(foto EPA)

Più costi che benefici nel taglio dei prezzi dell'energia per le famiglie

Alberto Clò

Di fronte al caro energia la risposta dei governi è stata quella di sussidiare i consumi. Ma non sarebbe molto più utile ed efficace sussidiare il risparmio?

Il governo italiano, come la maggior parte di quelli europei, ha impegnato enormi risorse, e ancor più lo farà, per ridurre per famiglie e imprese i prezzi di gas ed elettricità aumentati in un anno di dieci volte. Lo ha fatto anche per i carburanti nonostante i loro prezzi non siano gran che aumentati, all’opposto di quel che si decise dopo il 1973 quando si impedì l’uso dell’auto. Se, sotto il profilo sociale, questa politica è comprensibile, non lo è sotto quello economico, con effetti che potrebbero causare più costi che benefici.

Il modo più brutale ma più efficace per combattere gli alti prezzi sono, ahimè, gli alti prezzi. Riducendoli, ritenendo che i mercati non siano più razionali, si sussidiano i consumi, aumentandone nel caso del gas le importazioni. Se i prezzi interni vengono ridotti si esercita in sostanza una pressione sull’offerta internazionale di gas e quindi sui suoi prezzi, data l’inelasticità a breve dell’offerta per la mancanza di capacità produttiva inutilizzata. Un effetto tanto maggiore se i sussidi vengono garantiti in modo indistinto a tutti indipendentemente dal livello di reddito e capacità di spesa.

La spesa energetica ha comportato una perdita di reddito per la media delle famiglie raddoppiata al 10 per cento a crescere per quelle povere al 30 per cento. Il fatto che i sussidi siano stati adottati anche nei paesi asiatici spiega perché la domanda mondiale di gas ha sostanzialmente tenuto. Sinora i comportamenti dei governi si erano in parte differenziati: così che mentre in Italia il prezzo del gas alle famiglie veniva ridotto del 15 per cento, in Germania, che assorbe un terzo della domanda europea di gas, aumentava del 20. 

 

Al crescere dei prezzi internazionali la pressione politica sui governi si è di molto accresciuta, così che il governo tedesco ha deciso di destinare 65 miliardi di dollari a famiglie e imprese per ridurne il costo dell’energia. Il costo fiscale dei sussidi energetici è enorme, per l’Italia è ammontato sinora a 50 miliardi di euro, destinati ad aumentare sino a 60 miliardi. Un costo fiscale che rappresenta solo un trasferimento (dal governo alle famiglie), ma non una perdita netta per la società. Va da sé che sussidiare i consumatori e il loro consumo di energia è esattamente l’opposto di quel si vorrebbe ottenere con il Piano di contenimento dei consumi deciso nel nostro paese o con quello deliberato nel Piano “Save Gas for a Save Winter” dalla Commissione europea. Dall’inizio dell’anno i consumi di gas in Italia sono diminuiti intorno al 2,5 per cento. Per conseguire gli obiettivi del Piano questo calo dovrà accelerare sino al 7 per cento. 

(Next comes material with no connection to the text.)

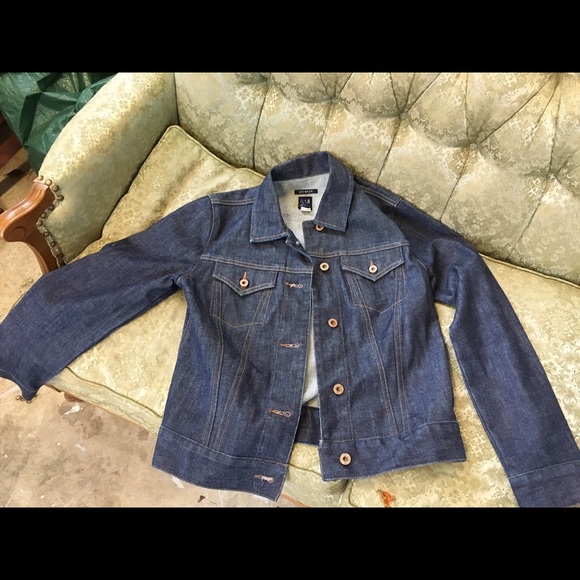 Gap Denim Jacket--excellent condition!!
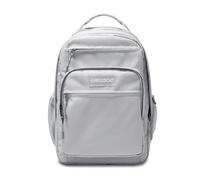 FANDARE Casual Backpack Men Women 15.6 inch Laptop Daypacks School College Bag Rucksack for School Hiking Camping Travel Outdoor Activities Waterproof Polyester Grey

In conclusione: ogni azione che attenui l’incentivo a contenere i consumi si traduce in maggiori importazioni e maggiori prezzi. Una spirale che si avvita su se stessa. Tagliare le unghie ai segnali di prezzo può in apparenza farti sentir meglio ma prima o poi devi pagarne il costo. Secondo Daniel Gros, economista membro del Ceps di Bruxelles, questi sussidi sono “extremely costly and ultimately futile” e dimostra analiticamente come sia più conveniente anziché sussidiare i consumi sussidiare esattamente il suo contrario: il risparmio. Come? Riconoscendo alle famiglie un bonus se questo inverno consumeranno meno dell’inverno passato ovvero fissare un tetto al prezzo del gas sino a un predeterminato livello di consumo e prezzi pieni per consumi superiori. A suo avviso, sussidi al risparmio si ripagano da sé, attraverso minori prezzi all’importazione. Per conseguirli interamente sarebbe però necessaria un’ampia adesione degli altri maggiori paesi europei, perché se così non fosse i minori prezzi del gas ottenuti da un paese con politiche pro-risparmio verrebbero annullati dai comportamenti degli altri paesi. Un agire comune per un comune interesse che non sembra tuttavia si vada osservando di questi tempi, come confermato dal fallimentare Consiglio europeo dell’energia del 9 settembre.